- _Problem description_:
Beginning with the line that contains "地下城手游后期玩法是什么？应该打造哪些装备？", retype the entries below exactly, ending with the line that contains "iphone8發(fā)布時". Leave out any pictures.

- _Records for the exercise_:
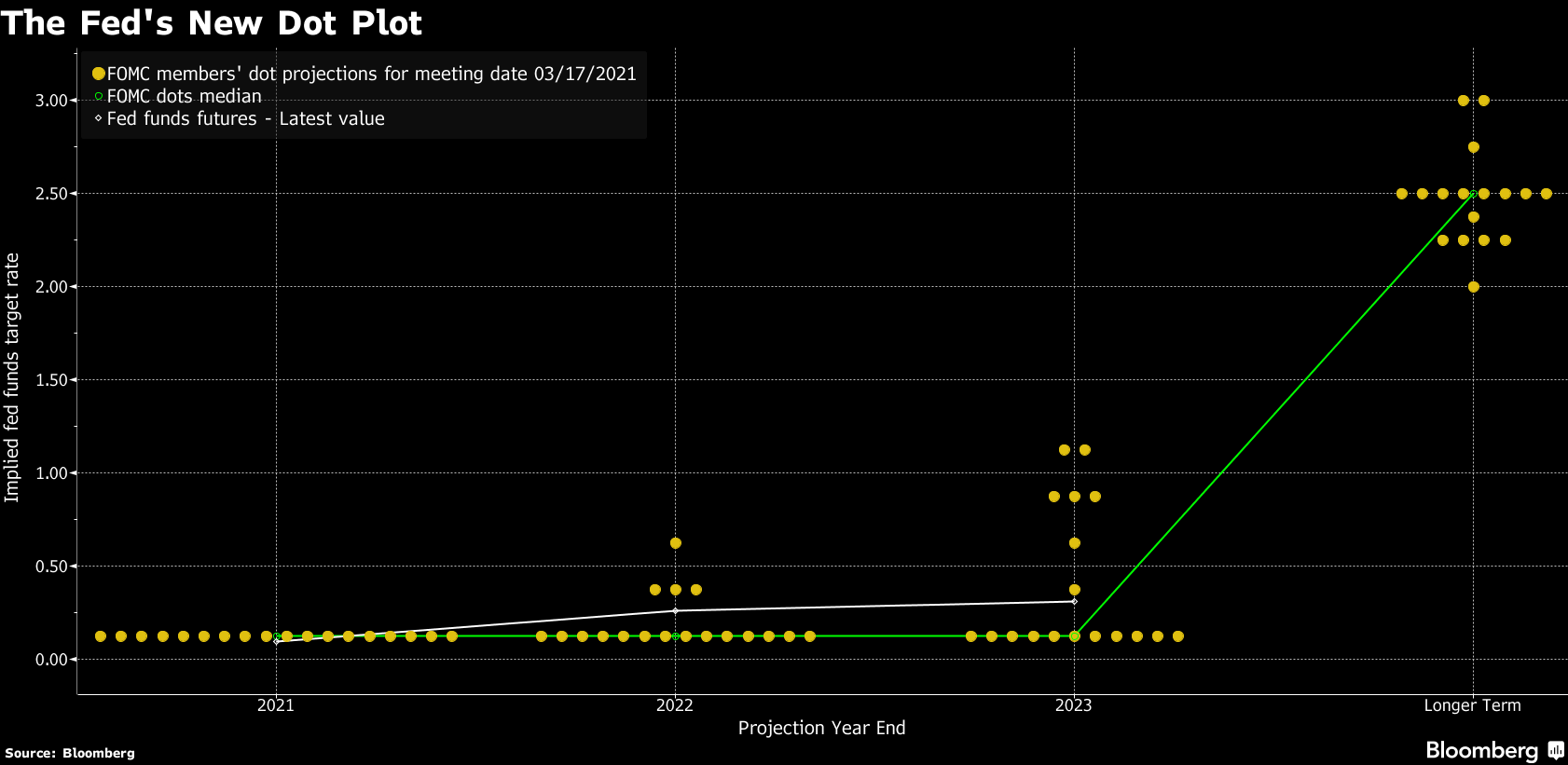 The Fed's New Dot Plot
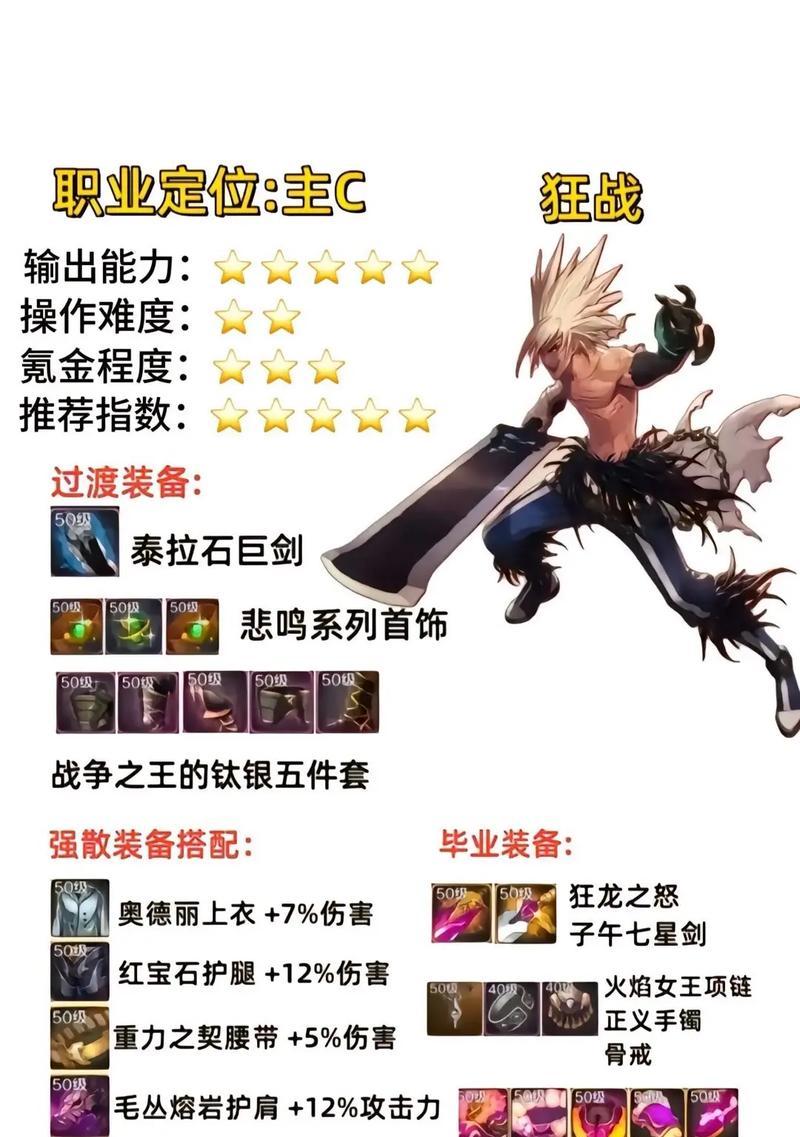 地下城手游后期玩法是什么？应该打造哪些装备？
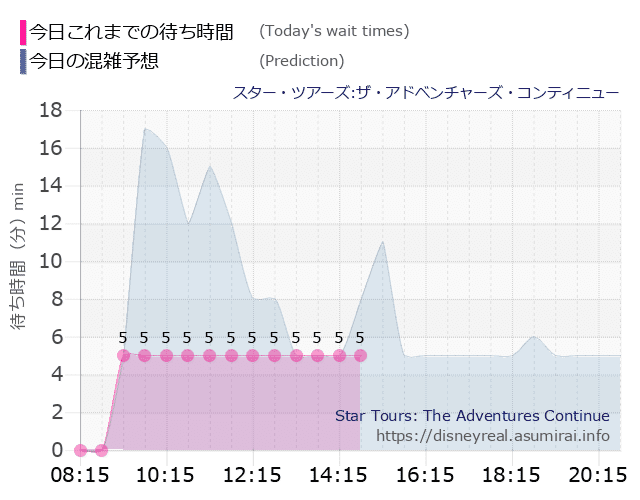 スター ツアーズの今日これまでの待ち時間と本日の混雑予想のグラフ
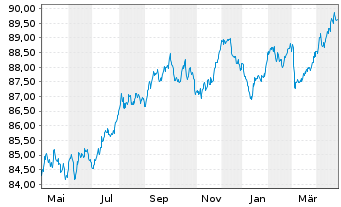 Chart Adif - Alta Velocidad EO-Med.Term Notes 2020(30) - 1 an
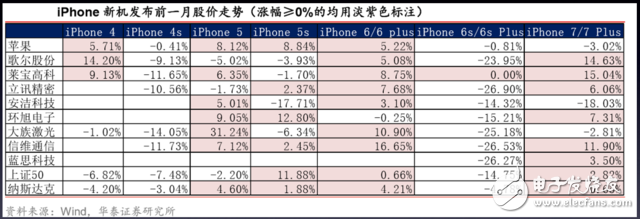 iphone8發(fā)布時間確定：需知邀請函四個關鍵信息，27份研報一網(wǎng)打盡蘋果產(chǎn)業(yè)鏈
---
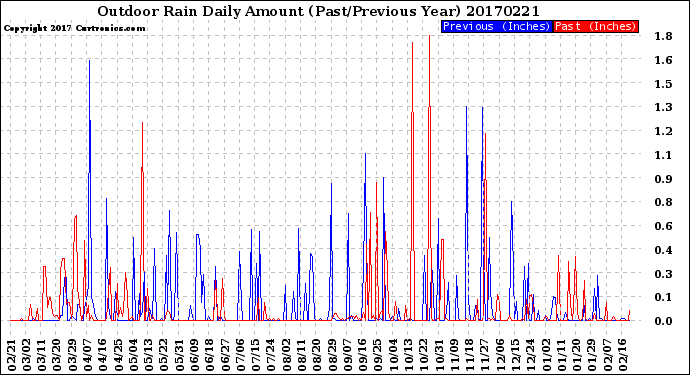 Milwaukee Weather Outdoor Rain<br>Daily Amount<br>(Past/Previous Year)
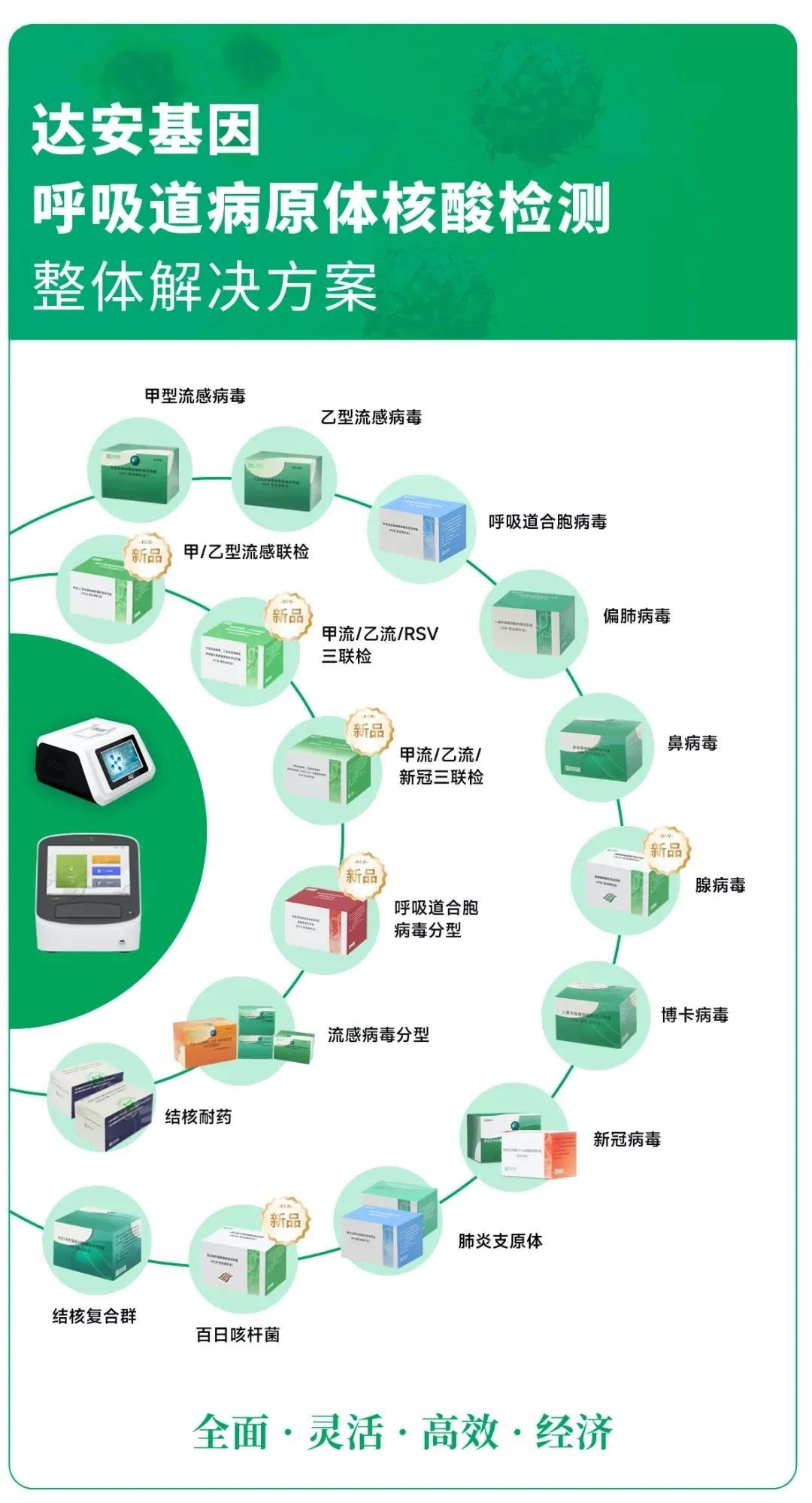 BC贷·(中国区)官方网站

- _Solution to the exercise_:
 地下城手游后期玩法是什么？应该打造哪些装备？
 スター ツアーズの今日これまでの待ち時間と本日の混雑予想のグラフ
 Chart Adif - Alta Velocidad EO-Med.Term Notes 2020(30) - 1 an
 iphone8發(fā)布時間確定：需知邀請函四個關鍵信息，27份研報一網(wǎng)打盡蘋果產(chǎn)業(yè)鏈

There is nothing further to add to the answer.